Oleh karena itu, dapat dipahami mengapa misalnya, pernyataan Imam Samudera, salah seorang pelaku bom Bali, justru meyakini dan memahami apa yang dilakukannya sebagai melawan teroris, yakni Amerika. Dengan demikian, ia menggapnya sebagai jihad fi sabilillah. Konsep jihad, dipahami Imam Samudera dan kawan-kawannya berdasarkan penahapan hukumnya, yakni: pertama, menahan diri, di mana umat Islam diperintahkan untuk menahan diri dari segala macam ujian, cobaan, celaan, serangan dan penindasan kaum kafir; kedua, tahapan diizinkan memerangi kaum kafir yang juga memeranginya; ketiga, tahap diwajibkan memerangi secara terbatas, yakni ketika kaum muslim diperangi dan disiksa oleh kaum kafir, maka wajib baginya jihad; keempat, tahap diwajibkan memerangi seluruh kaum kafir dan munafik.

Perjuangan dengan kekerasan lainnya, bisa dilihat ketika kelompok redikalisme keagamaan merespon realitas sosial yang penuh dengan aroma kemaksiatan. Dengan mengacu kepada kewajiban amar ma’ruf nahi munkar, yang didasarkan kepada tekstualitas hadis: man raa minkum munkar…, kelompok ini tidak jarang melakukan razia dan pemberantasan dengan cara kekerasan terhadap segaala sesuatu yang berbau ma’ashi, dzunub, munkarat, fahsha’, nifaq, muharromat dan sebagainya. Misalnya, eksploitasi seksual dalam berbagai media, perzinaan, perjudian, minuman-minuman keras, perzinaan, perjudian, minum-minuman keras, dan seabrek kehidupan ‘dugem’ yang harus diberantas. Penelitian Zainuddin Fannanie terhadap fenomena kekerasan dan radikalisme keagaman di Surakarta, membuktikan hal ini.

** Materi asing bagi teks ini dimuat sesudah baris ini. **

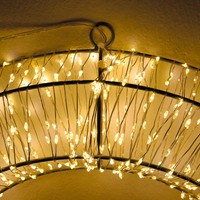 LED-Weihnachtskranz - Ø ca. 50 cm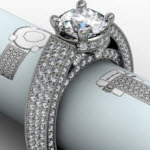 micro-pave rings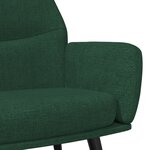 vidaXL Fauteuil inclinable Vert foncé Tissu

Penelitian Fannanie dkk., menyoroti perilaku berbagai kelompok radikalisme keagamaan, yakni Laskar Santri Hizbullah Suann Bonang, Brigade Al-Islah, Gerakan Pemuda Ka’bah, Brigade Hizbullah, Laskar Mujahidun Surakarta, Laskar Jundullah, Laskar Jihad Ahlusunnah wal Jama’ah, KAMMI dan sebagainya. Menurut temuan Fananie, bahwa munculnya KRK disebabkan merebaknya dekadensi moral dan isu ekonomi-politik. Untuk itu, dakwah difokuskan sebagai amar ma’ruf nahi munkar, yang dilakukan secara lunak maupun dengan kekerasan, sehingga KRK di Surakarta sesungguhnya tidak monolistik. Sweeping tempat hiburan dan warga AS, pengiriman Laskar Jihad ke Ambon dan merespon keras isu kristenisasi adalah di antara perilaku radikal kelompok ini.

Dalam buku ini, penulis, Agus Purnomo berupaya menjawab dua problem mendasar. Pertama, apa saja faktor-faktor yang terkait dengan terjadinya gerakan kekerasan agama?, kedua, apa logika yang digunakan oleh para pelaku dalam melegitimasi kekerasan agama?